§ Dataset:
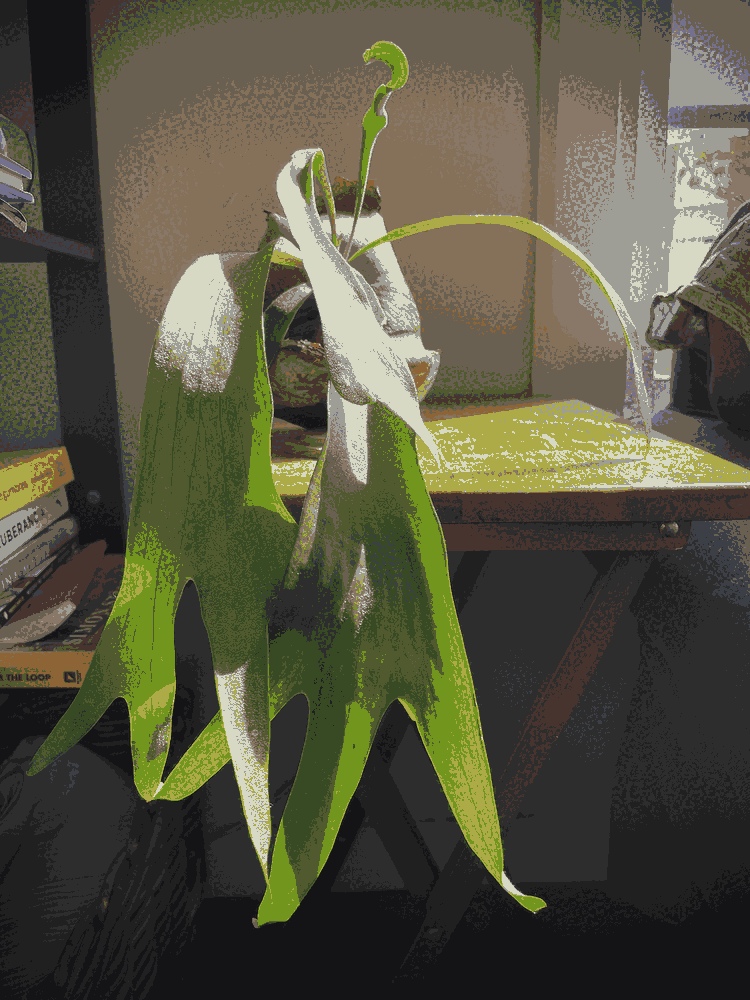 Platicerum Bifurcatum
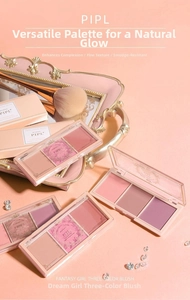 Close-up of three-color matte blush palette with professional pink gradient brush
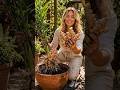 Ginger Planting #shorts
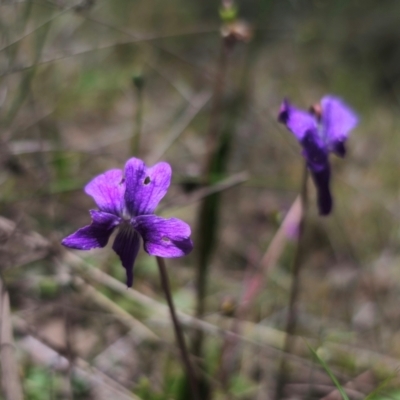 Viola betonicifolia subsp. betonicifolia (Arrow-Leaved Violet) at Captains Flat, NSW - 15 Dec 2023 by Csteele4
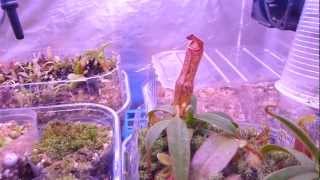 Nepenthes Terrarium cooled with Peltier Element 16032013 [upl. by Refinneg]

§ What you will do:
Repeat verbatim all the material, but not the pictures.

§ Solution to the exercise:
 Platicerum Bifurcatum
 Close-up of three-color matte blush palette with professional pink gradient brush
 Ginger Planting #shorts
 Viola betonicifolia subsp. betonicifolia (Arrow-Leaved Violet) at Captains Flat, NSW - 15 Dec 2023 by Csteele4
 Nepenthes Terrarium cooled with Peltier Element 16032013 [upl. by Refinneg]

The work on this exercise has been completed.